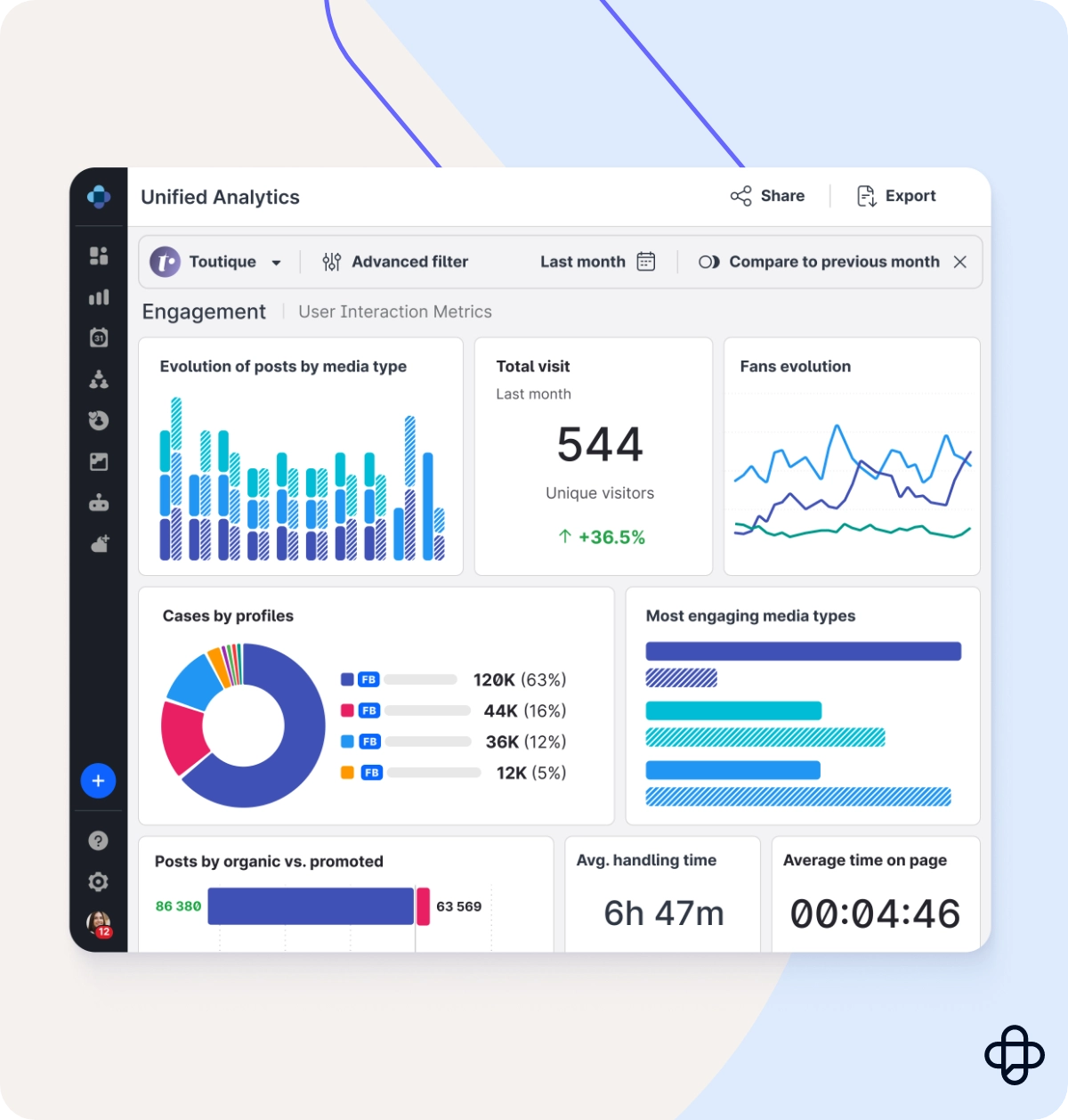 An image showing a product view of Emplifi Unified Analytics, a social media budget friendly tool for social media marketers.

· · · · ·

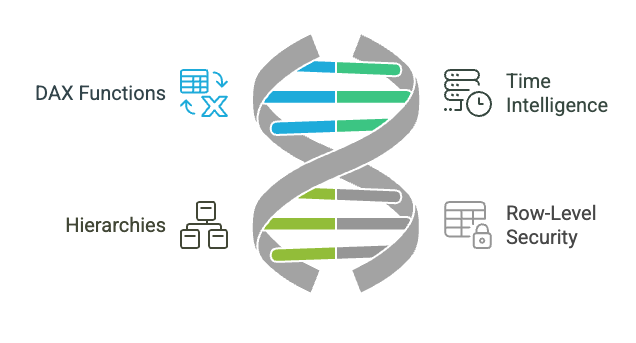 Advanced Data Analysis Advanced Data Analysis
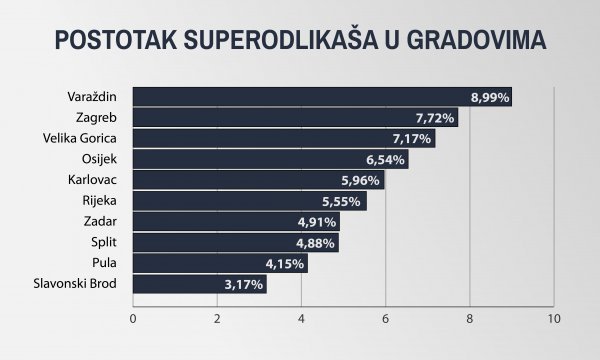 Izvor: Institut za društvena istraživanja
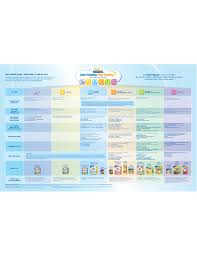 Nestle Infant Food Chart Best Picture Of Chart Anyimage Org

· · · · ·

_TASK DIRECTIONS_: What is wanted is an exact copy of the lines above from the one containing "Advanced Data Analysis Advanced" through the one containing "Nestle Infant Food", with no pictures in it.

_ANSWER SECTION_:
 Advanced Data Analysis Advanced Data Analysis
 Izvor: Institut za društvena istraživanja
 Nestle Infant Food Chart Best Picture Of Chart Anyimage Org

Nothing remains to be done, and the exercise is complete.